III. Mr. Jacobs's Pledge of Company Stock.
As of December, 1976, Mr. Jacobs had guaranteed approximately $90,000 in loans made by the Commonwealth Bank and Trust Company to companies, unrelated to this company, with which Mr. Jacobs was affiliated. These companies were not meeting their income projections. Hence, the bank approached Mr. Jacobs, as a guarantor, and requested that he secure his guarantee. The bank requested that Mr. Jacobs pledge his shares of stock in the company to the bank. At that time, Mr. Jacobs owed between $550,000 and $600,000 to creditors, and he did not want to pledge his stock in the company to the bank.

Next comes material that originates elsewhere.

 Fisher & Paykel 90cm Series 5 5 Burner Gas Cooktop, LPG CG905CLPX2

On or shortly before December 17, 1976, Mr. Jacobs requested that the company's directors have a meeting to discuss this request from the bank. At the ensuing directors' meeting, Mr. Jacobs explained to Marshall and Lever the status of the various loans he had made or guaranteed, the bank's request that he pledge his company stock, and his own personal preference for not complying with that request. Marshall was concerned that Mr. Jacobs would lose his shares of stock involuntarily to a trustee in bankruptcy who might be obliged to sell them to an outsider even to one of the company's competitors. *552 Accordingly, the directors decided that the best way to protect the company was to allow Mr. Jacobs to pledge the shares to the bank on the condition that if the bank acquired them, the company would be able to repurchase the shares at a predetermined price. In return, the company could require Mr. Jacobs to repurchase these shares from the company at the price the company paid the bank. The directors accepted $60,000 as the predetermined redemption price and Mr. Jacobs and the bank agreed. The master found that this price was not intended to reflect the market value of the 1,569 shares of the company's stock held by Mr. Jacobs.

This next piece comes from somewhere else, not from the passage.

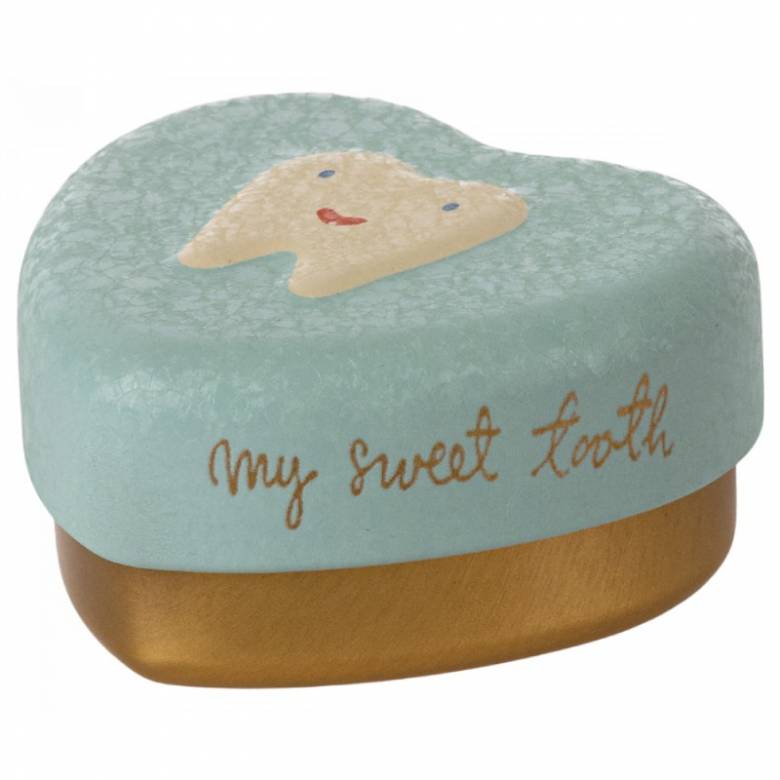 Heart Shaped Tooth Box In Mint By Maileg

At some time following commencement of litigation, the company did redeem the pledged stock from the bank for $33,000. The company has never asked Mr. Jacobs to repurchase those shares of stock from it in accordance with Mr. Jacobs's commitment to do so. At several points during the hearing before the master, Mr. Jacobs offered to purchase the shares either for $60,000 or for $33,000 plus interest. The company had not accepted this offer at the time the master filed his report. Mr. Jacobs did not advise the company or Marshall whether or not to approve the pledge arrangement. Similarly, Mr. Jacobs did not suggest that the company receive independent advice of outside counsel.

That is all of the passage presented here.